The point is that in terms of looking for a tradition that would result in the Constitution, which explicitly states that the covenant is one that arises from the consent of the governed, the Compact sets a clear precedent to that end. (I don’t know that there is any evidence that the concept continued in the popular awareness or that the writers of the Constitution looked to the Compact, but in the sort of heroic mythbuilding we find in text books, it is that sort of thing that tends to capture the imagination of the authors–as opposed to a vindictive need to suppress the history of another region.) In contrast, the House of Burgesses represented a government that was bestowed upon those bound by it by a distant power with a top-down structure that assumed that the powers vested in it were derived from the grace of the superior authority. There is a philosophical difference between the two. Rather than democracy being a default position for small groups, I suspect that authoritarianism is the default position, with a single despot or a tiny oligarchy making decisions for the group.

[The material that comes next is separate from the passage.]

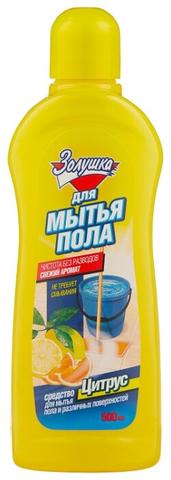 Средство для мытья пола Золушка "Цитрус"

I would never make any claim for the Compact’s “vision” or “idealism.” I simply note that a number of historians have pointed out its interesting alteration of direction from the more typical forms of governance at the time and note that they perceive a thread that leads directly from it to the Constitution.

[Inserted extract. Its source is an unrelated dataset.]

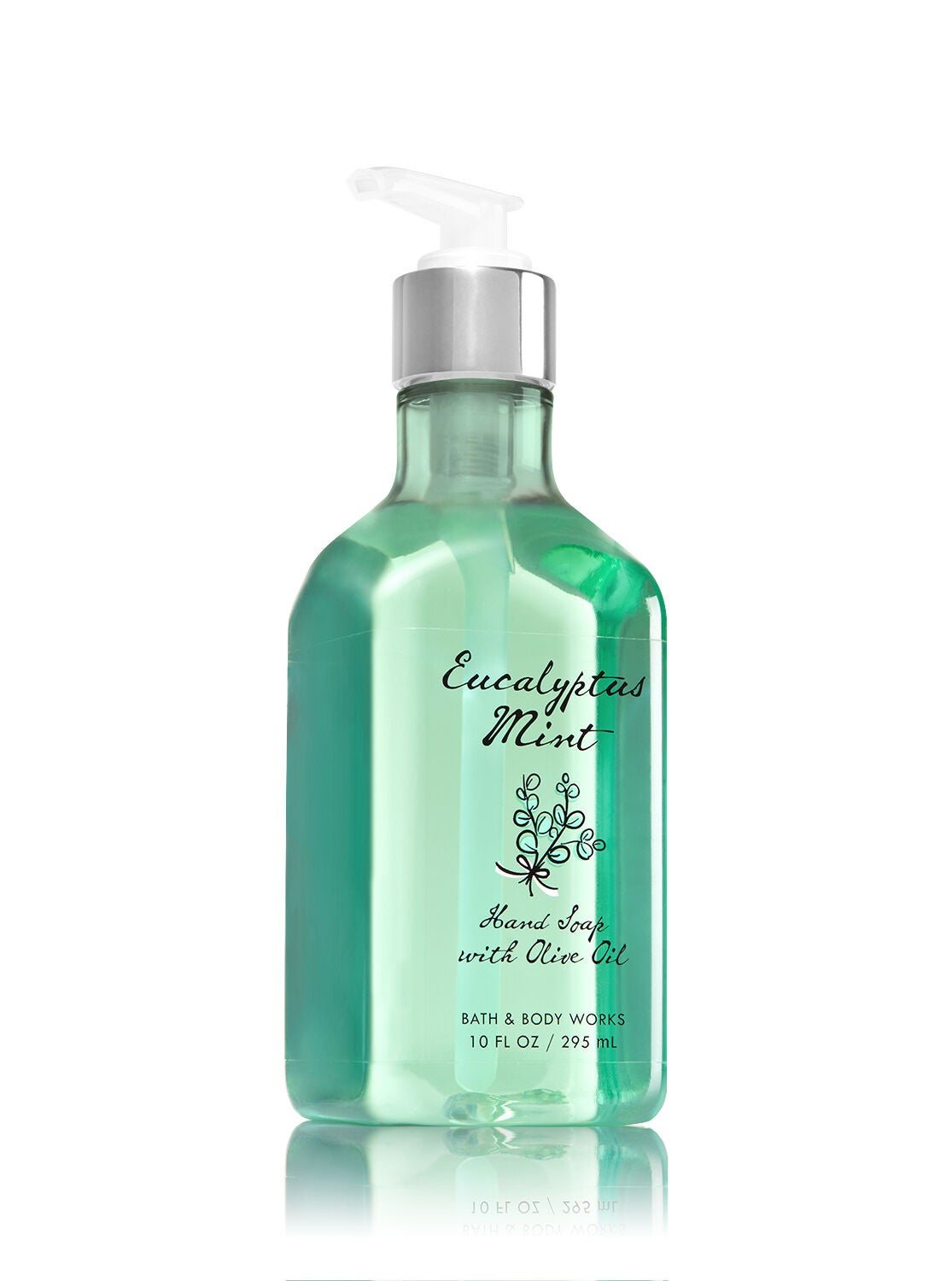 Eucalyptus Mint Hand Soap with Olive Oil - Bath And Body Works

The House of Burgesses was certainly a step up from the autocratic governors of French and Spanish settlements, but it broke no new ground, being a shadow of the British Parliament from which it was derived.
(And your whole year of precedence is not much more than happenstance at a time when communications were measured in months.)

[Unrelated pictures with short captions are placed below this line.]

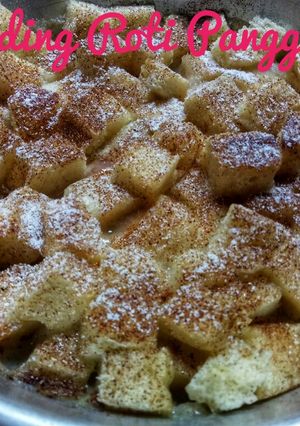 Foto resep Puding Roti Panggang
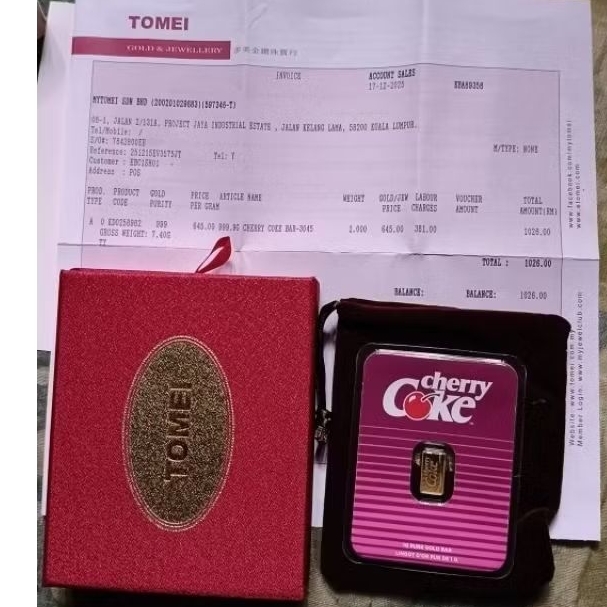 gold bar 1gram 999.9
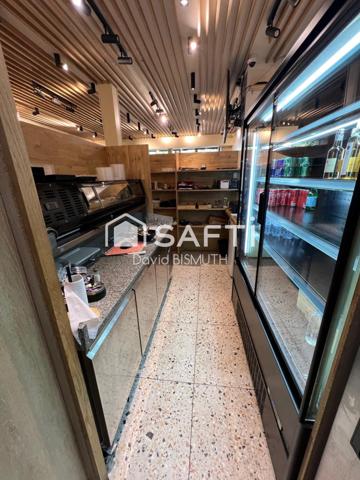 FONDS DE COMMERCE RESTAURANT 70 m2 SANS EXTRACTION 40 COUVERTS INTERIEUR 18 PLACES EN TERRASSE PARIS 17 AVENUE DE VILLIERS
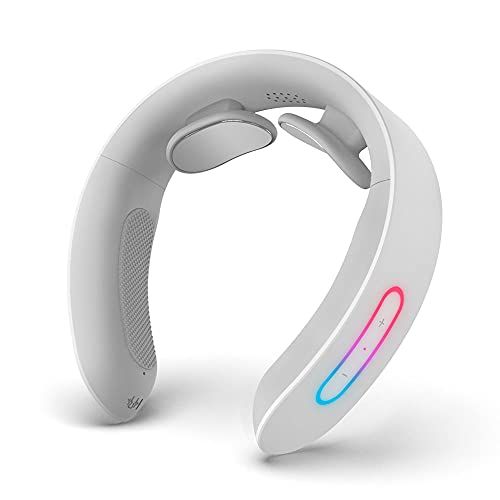 NIPLUX NECK RELAX ネックケア 肩 首 コードレス 静音 軽量 母の日 ギフト 敬老の日 誕生日プレゼント 国内メーカー 株式会社日創プラス ニップラックス(ホワイト)送料無料 dc21ad42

I was amused by your syntax that suggested that only the period following the Civil War has been ignored rather than indicating that the histories written following the Civil War have been incomplete. The smiley was to indicate that I recognized the flawed syntax as such and did not consider it a serious point of dispute.
I am not missing anything except your evidence that your claim has a basis in reality. The way you have expressed it, here, would seem to suggest that there was only hostility in one direction. I am perfectly willing to believe that there were people in the Northeast who were hostile to the South following the Civil War. I see no reason to believe that only that group was able to produce historians or that the attitude was so pervasive that no other histories were written or published and that nothing emanated from the South. I am fairly confident that there were also hard feelings toward the North on the part of Southernersand I know that Atlanta (at minimum) had a publishing company.
You have cited Loewen. I would point out that his grand thesis is that the history texts make an effort to be bland and tend to omit massive amounts of information. They also tend to engage heavily in (re-)creating the American myth. A focus on the “consent of the governed” found in the Compact supports the myth of that “unique” understanding of Americans better than the junior parliament that occurred in Virginia. I suspect that that bit of shoddy historiography rather than antipathy for the South is at the base of the short shrift given to the early Virgina settlement. Such histories only vaguely mention the Dutch, generally ignore the Swedes, give scant mention to the settling of Maryland, give a footnote to William Penn, make no distinction between the “Pilgrims”/Separatists of Plymouth and the Puritans of Boston, and basically pretend that the Spanish were all located in Central and South America (and none of them participated in the Civil War).
Then you should have little difficulty naming, say, five of them that existed prior to Plymouth. Go ahead.
I’ve been sitting on the fence about that, but I think your post did the trick. Not that I want to take your money, but I really appreciate the sentiment.
Just curious, are you currently in Georgia or New Jersey? I couldn’t tell from your post versus your location.
If you care, I hope you choose to stick around. I also like your user name.